Ce faible attrait des SSII profite aux entreprises utilisatrices, longtemps restées en retrait du
marché. Les années précédentes, les DSI proposaient bien des stages. Mais, à l’issue de ceux-ci,
elles ne recrutaient pas. Elles préféraient s’appuyer sur les ressources des prestataires. Cette
année, les embauches directes reprennent. En particulier à la Société Générale, chez Gaz de
France ou chez France Télécom. L’ENSIMAG enregistre ainsi 25 % des recrutements de ses élèves
effectués par le secteur de la finance, signe de sa vitalité. Par ailleurs, l’automobile et
l’aéronautique plébiscitent aussi les diplômés à la double compétence électronique et informatique, notamment en ce qui concerne les systèmes embarqués.
Un tiers des recrutements provient des télécoms
Plus marquant encore est le réveil tant attendu du secteur des télécoms. « Depuis une petite
année, les entreprises du secteur télécoms, avec lesquelles nous n’avions quasiment plus de
contact, reviennent vers nous », indique Yves Serizier, de l’ISEP. Ces entreprises ont choisi un
certain nombre d’écoles et préparent leurs recrutements. Bernard Burtschy, représentant du
Groupement des écoles télécoms (GET), le confirme : « Le secteur informatique et télécoms avait
délaissé nos étudiants au profit de la banque et de l’assurance. Aujourd’hui, il revient en force
et représente un tiers des recrutements. » De son côté, Sup Télécom Bretagne (ENSTB) considère
que le retour des embauches chez les constructeurs télécoms est très significatif, et qu’il
augure d’une reprise globale du marché dans les prochains mois. Comme pour les SSII, ce sont les
mêmes acteurs qui, après avoir boudé les jeunes diplômés pendant trois ans, reviennent massivement
les courtiser.
En revanche, durant ces temps difficiles, les fonctions proposées ont globalement évolué à la
hausse. En effet, on ne parle plus de programmeurs ou de développeurs. La majorité écrasante des
postes proposés s’intitulent désormais ingénieurs d’études et consultants juniors. En cause, bien
sûr, les besoins des prestataires – ils ont nettement évolué avec le très fort développement des
forfaits depuis la crise. Mais également l’élévation générale du niveau d’études qui permet aux
entreprises de confier des missions plus complexes aux jeunes ingénieurs. Double compétence,
formations intensives au management… Les cursus sont désormais beaucoup plus musclés.

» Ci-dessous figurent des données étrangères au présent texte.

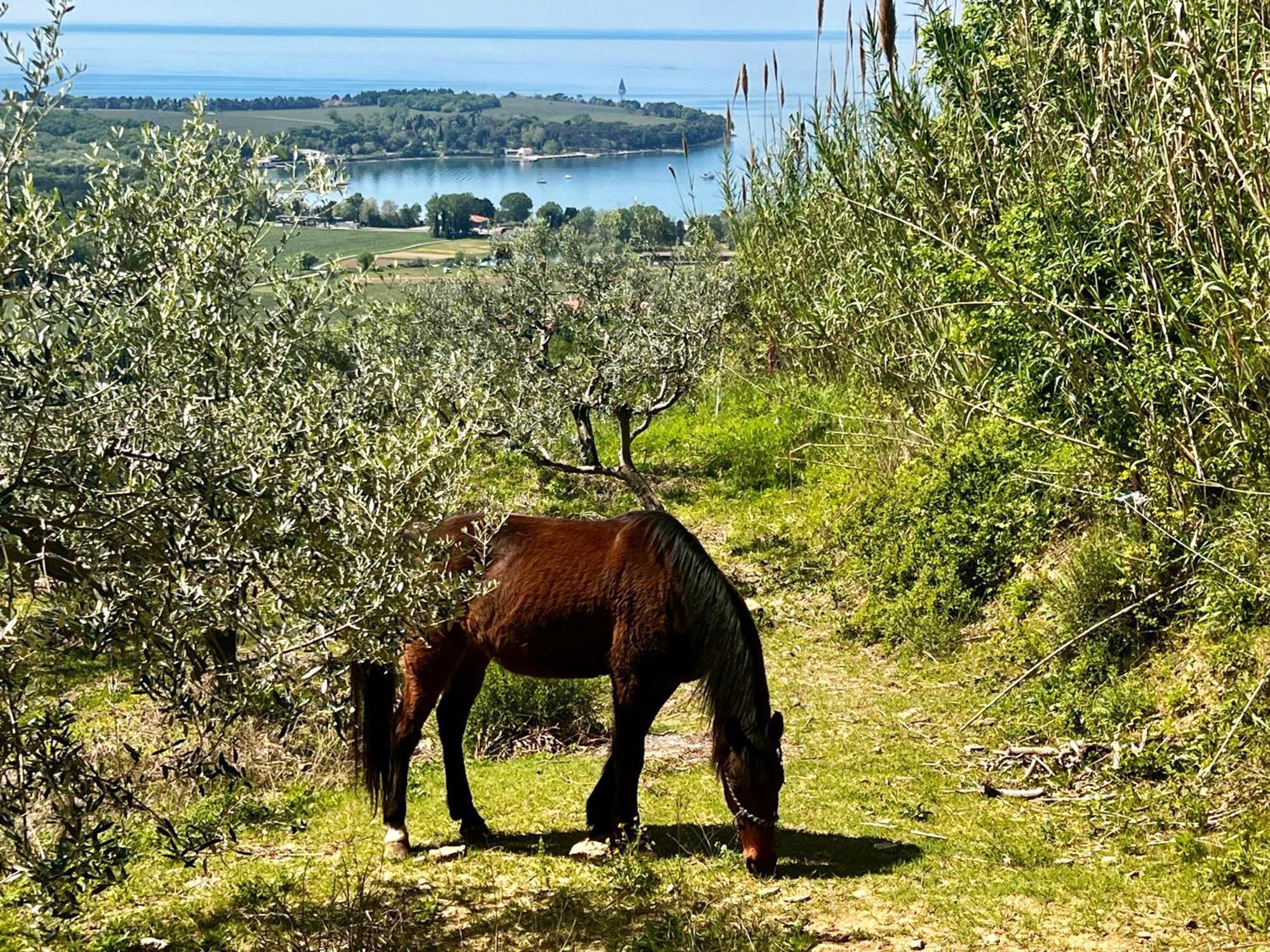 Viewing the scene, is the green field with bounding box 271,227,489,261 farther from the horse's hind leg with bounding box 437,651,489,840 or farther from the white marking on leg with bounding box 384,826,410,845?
the white marking on leg with bounding box 384,826,410,845

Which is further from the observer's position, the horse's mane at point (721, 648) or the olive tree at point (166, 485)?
the horse's mane at point (721, 648)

Sans oublier l’importance donnée à l’immersion en entreprise. « Les élèves qui ont fait une
année de césure sont embauchés bien plus rapidement que les autres », assure l’ENSTB. Du coup,
l’an prochain, près de la moitié de la promotion prévoit d’effectuer cette coupure. Alternance,
stage, année de césure, voire apprentissage… La part pratique des cursus constitue plus que
jamais le meilleur sésame de l’emploi.
La poursuite des études en baisse
Cependant, la vie professionnelle ne concerne pas l’intégralité des étudiants dotés de diplômes.
Une frange d’entre eux a choisi de poursuivre ses études. Selon les établissements, leur nombre
varie pour, en général, se situer aux alentours de 15 %. Un chiffre en baisse quasiment partout.
Témoin l’ENSIMAG, qui mentionne une réduction drastique entre 2003, où 24 % des étudiants
décidaient de poursuivre leurs études au-delà du diplôme d’ingénieur, et 2004, où ils n’étaient
plus que 14 %. Cette année, ils seraient moins de 10 % à envisager cette issue. « Autant le
chiffre était élevé en 2003, autant les prévisions de 2005 sont préoccupantes. Or, nous avons
besoin de bons éléments pour préparer la relève des universitaires qui vont prendre leur retraite.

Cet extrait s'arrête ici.